I love that so many of my sisters are organizing and being powerfully expressive. It’s a great time for that (it’s always a great time for that). I love marches, voices, meaningful discourse and advocacy. I have a great affinity and respect for “nasty” women.

It’s very strange to live in a culture where a lot of folks look at me oddly when I refer to myself as a feminist. I’ve found little value in explaining my views on the oppression of women to folks who don’t get it. Instead I preach some of the benefits of being connected to kick ass women and I readily attribute my personal and professional successes to surrounding myself with them.

I’m a huge believer in simplicity: Insecure men are easily threatened by powerful women. Men who are relatively secure in themselves are free to flourish by virtue of relating to women who are say things like:

  1. You’re wrong.

  2. You’ve overlooked this part…

  3. You could look at it from this point of view…

  4. I’m willing to help if you’re willing to…

  5. I’ll teach you.

I am endlessly grateful for what strong women have taught me. As I watched the protests this past weekend, I reflected on the struggles of some of my favorite women, most of whom work personally and professionally for social justice.
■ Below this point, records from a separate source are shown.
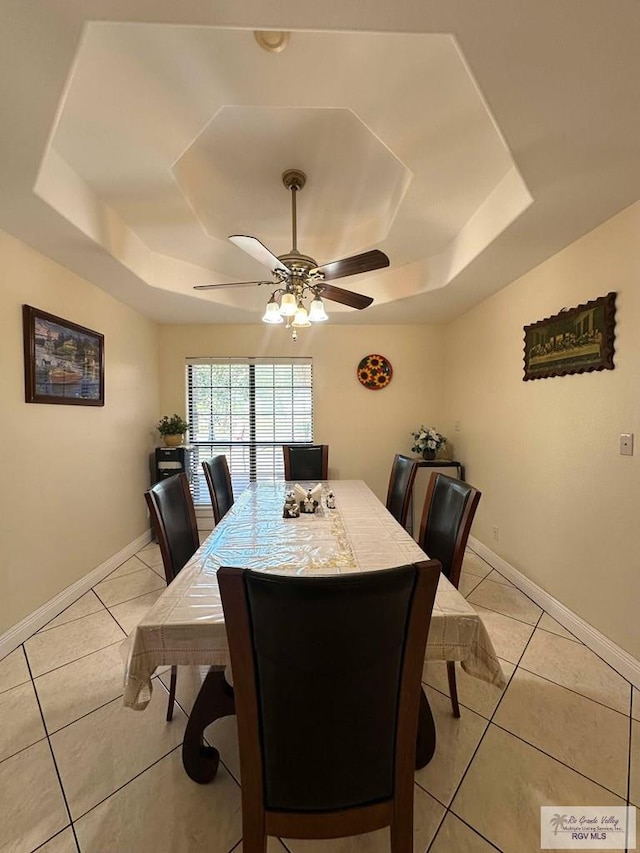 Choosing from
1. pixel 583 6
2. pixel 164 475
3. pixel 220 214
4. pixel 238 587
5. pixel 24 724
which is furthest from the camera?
pixel 164 475

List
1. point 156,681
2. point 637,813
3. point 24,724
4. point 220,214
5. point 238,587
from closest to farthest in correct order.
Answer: point 238,587, point 637,813, point 24,724, point 156,681, point 220,214

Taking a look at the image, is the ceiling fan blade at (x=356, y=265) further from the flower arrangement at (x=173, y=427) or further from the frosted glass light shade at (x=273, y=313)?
the flower arrangement at (x=173, y=427)

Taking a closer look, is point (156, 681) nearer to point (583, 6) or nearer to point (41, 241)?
point (41, 241)

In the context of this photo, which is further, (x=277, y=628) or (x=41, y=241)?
(x=41, y=241)

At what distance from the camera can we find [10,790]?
4.52 feet

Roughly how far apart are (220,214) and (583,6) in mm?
2113

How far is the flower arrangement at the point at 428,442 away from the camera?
13.4 feet

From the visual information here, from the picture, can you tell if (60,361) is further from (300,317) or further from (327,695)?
(327,695)

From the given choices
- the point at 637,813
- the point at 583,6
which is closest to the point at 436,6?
the point at 583,6

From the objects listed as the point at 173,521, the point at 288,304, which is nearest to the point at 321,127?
the point at 288,304

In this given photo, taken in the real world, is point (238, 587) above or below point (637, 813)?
above

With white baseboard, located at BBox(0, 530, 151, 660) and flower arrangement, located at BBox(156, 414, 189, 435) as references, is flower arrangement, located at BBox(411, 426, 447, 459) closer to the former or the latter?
flower arrangement, located at BBox(156, 414, 189, 435)

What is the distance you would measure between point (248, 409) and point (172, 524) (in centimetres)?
281

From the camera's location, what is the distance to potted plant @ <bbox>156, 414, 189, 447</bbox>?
13.5 feet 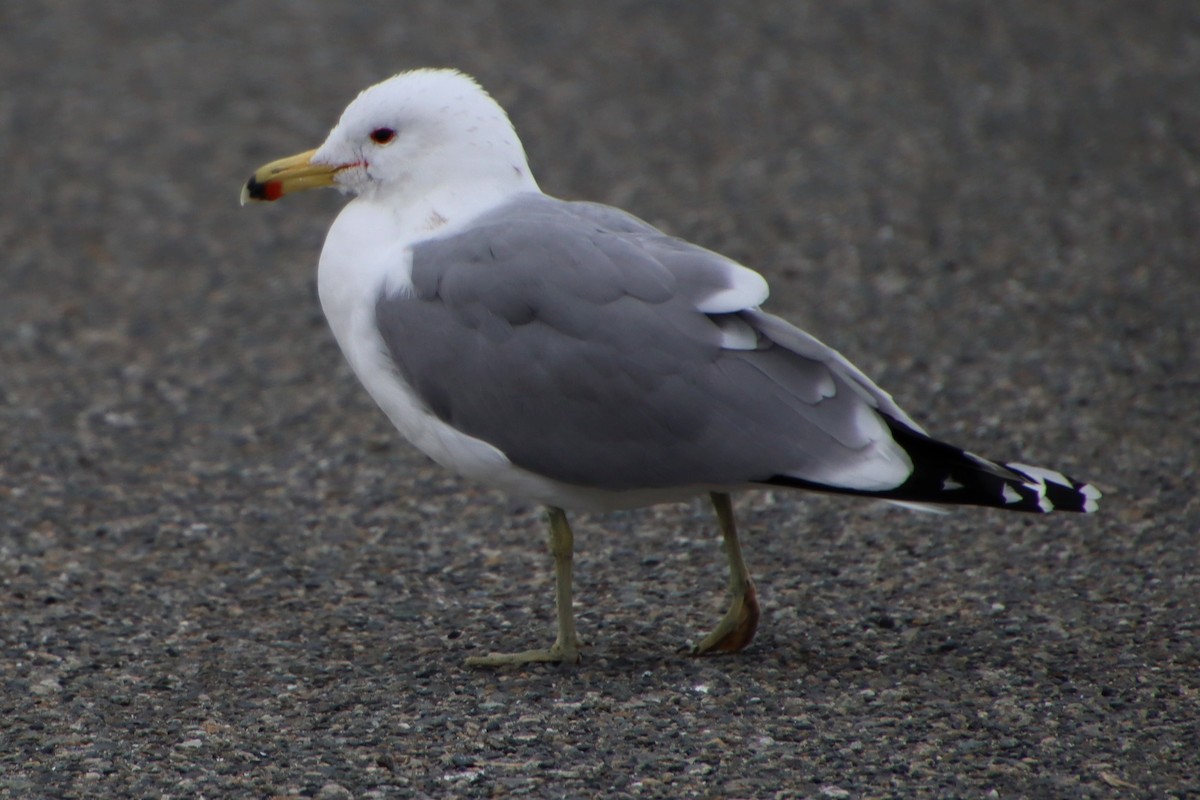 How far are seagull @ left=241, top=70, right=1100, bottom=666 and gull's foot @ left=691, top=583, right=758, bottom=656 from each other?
35 cm

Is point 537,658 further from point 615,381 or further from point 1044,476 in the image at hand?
point 1044,476

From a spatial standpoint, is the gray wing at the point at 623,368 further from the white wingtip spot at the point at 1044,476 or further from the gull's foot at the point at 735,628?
the gull's foot at the point at 735,628

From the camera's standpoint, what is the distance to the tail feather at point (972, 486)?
3818 millimetres

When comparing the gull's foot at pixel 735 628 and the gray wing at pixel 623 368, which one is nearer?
the gray wing at pixel 623 368

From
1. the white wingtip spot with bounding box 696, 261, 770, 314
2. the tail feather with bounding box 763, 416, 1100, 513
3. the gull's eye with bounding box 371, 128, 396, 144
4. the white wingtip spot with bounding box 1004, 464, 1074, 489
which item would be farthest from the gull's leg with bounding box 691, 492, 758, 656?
the gull's eye with bounding box 371, 128, 396, 144

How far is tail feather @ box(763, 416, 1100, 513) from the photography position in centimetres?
382

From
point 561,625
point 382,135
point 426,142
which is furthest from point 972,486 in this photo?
point 382,135

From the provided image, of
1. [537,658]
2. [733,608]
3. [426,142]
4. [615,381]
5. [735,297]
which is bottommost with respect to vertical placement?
[537,658]

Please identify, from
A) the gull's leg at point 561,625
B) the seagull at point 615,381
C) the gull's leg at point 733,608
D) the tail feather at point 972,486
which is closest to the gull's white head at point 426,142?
the seagull at point 615,381

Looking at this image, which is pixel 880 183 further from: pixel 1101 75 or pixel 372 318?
pixel 372 318

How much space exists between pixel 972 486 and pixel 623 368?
34.9 inches

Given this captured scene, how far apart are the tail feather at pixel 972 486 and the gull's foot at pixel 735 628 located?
20.3 inches

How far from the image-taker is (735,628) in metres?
4.32

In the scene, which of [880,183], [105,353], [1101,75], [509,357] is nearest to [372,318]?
[509,357] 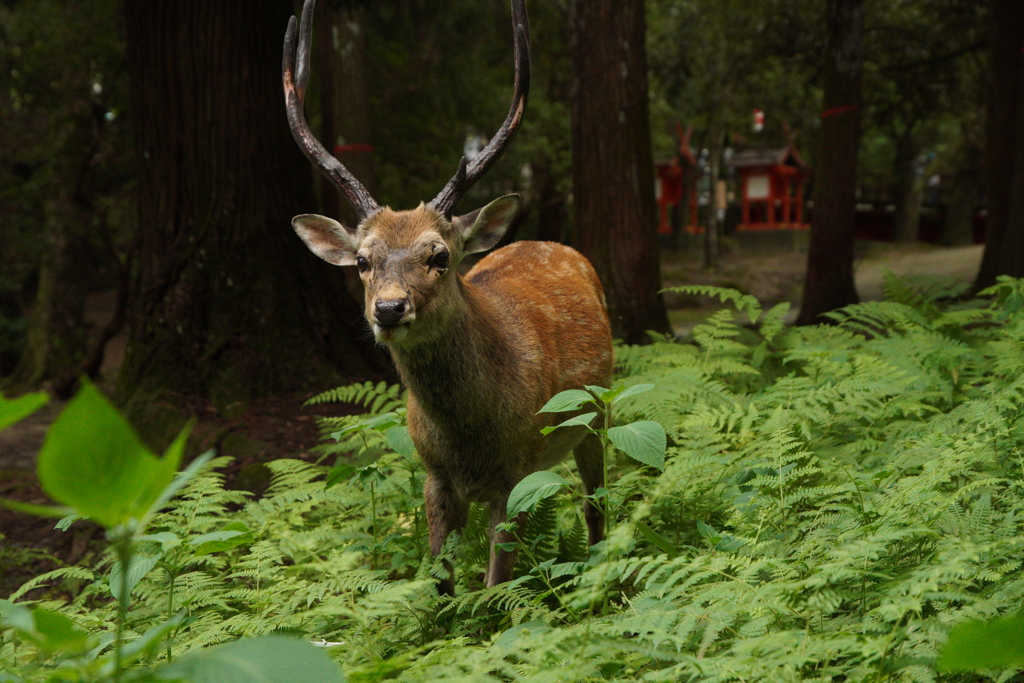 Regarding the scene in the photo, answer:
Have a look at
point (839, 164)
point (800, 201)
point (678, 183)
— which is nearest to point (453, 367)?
point (839, 164)

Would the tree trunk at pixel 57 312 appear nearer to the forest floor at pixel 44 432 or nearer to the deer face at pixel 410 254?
the forest floor at pixel 44 432

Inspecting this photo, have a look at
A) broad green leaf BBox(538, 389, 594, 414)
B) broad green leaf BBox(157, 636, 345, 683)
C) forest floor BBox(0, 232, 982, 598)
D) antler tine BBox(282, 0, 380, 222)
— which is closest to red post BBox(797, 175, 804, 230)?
forest floor BBox(0, 232, 982, 598)

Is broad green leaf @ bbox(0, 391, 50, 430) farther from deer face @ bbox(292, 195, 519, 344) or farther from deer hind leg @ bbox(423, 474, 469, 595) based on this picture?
deer hind leg @ bbox(423, 474, 469, 595)

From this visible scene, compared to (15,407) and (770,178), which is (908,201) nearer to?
(770,178)

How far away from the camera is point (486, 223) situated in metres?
3.87

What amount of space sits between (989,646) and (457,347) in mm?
2255

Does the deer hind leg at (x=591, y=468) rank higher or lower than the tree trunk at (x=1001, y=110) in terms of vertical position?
lower

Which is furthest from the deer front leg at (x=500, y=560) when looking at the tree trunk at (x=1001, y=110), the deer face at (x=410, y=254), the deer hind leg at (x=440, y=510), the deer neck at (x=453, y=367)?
the tree trunk at (x=1001, y=110)

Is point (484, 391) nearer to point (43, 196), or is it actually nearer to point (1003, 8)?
point (1003, 8)

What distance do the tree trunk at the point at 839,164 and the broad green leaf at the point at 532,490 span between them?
302 inches

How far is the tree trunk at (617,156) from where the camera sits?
7195 mm

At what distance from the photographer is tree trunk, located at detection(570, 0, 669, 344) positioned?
720 centimetres

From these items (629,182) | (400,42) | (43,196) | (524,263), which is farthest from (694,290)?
(43,196)

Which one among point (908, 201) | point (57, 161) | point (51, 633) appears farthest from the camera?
point (908, 201) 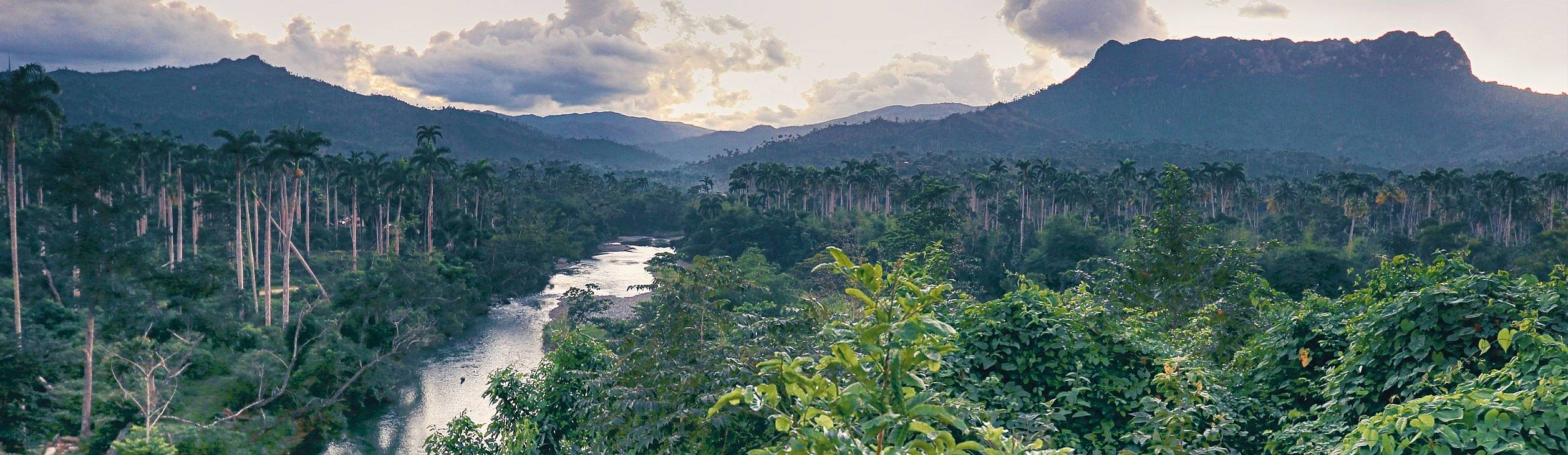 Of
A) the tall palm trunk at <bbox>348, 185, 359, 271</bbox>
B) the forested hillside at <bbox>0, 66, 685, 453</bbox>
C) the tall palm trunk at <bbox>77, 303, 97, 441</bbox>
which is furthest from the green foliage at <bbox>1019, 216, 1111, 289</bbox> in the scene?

My favorite women are resilient. As Elizabeth Gilbert said, ““The women I love and admire for their strength and grace did not get that way because shit worked out. They got that way because shit went wrong and they handled it. They handled it a thousand different ways on a thousand different days, but they handled it. Those women are my superheroes.”

It brought to mind the fundamental things that too many of us overlook. My message to my sisters (fully aware that a male dictating solutions is somewhat ludicrous) is please, please, please take excellent care of yourselves.

Revolutions need to be sustainable.

I know your love for each other and I applaud the changes you seek. I also know that most healers and helpers (of both genders) are not nearly as self-accepting as we are accepting of others. We do not care for ourselves as well as we do for others. We uphold the value of oppressed people and too often devalue ourselves and our efforts.

By profession I am a “social worker.” I’ve never viewed that as part of my identity. I view any person who is trying to make the world a better place as a social worker. What I know about people in the healing and helping professions is that most of us have two sets of everything:

Two sets of values, perspectives, ways of judging and relating. We have one for ourselves and one for the rest of the world. We who have great empathy for others often lack compassion for ourselves. We who seek to change the world are often giving away what we also need to receive. We who seek social justice are often less than fair to ourselves

In the midst of all we seek to change, may we achieve greater awareness of our own needs and have a greater willingness to meet them. May we notice the ways in which we oppress ourselves and seek both lovingly and pragmatically to overcome them. Adages ring true:

It is not selfish to take care of yourself while serving the world. It is necessary.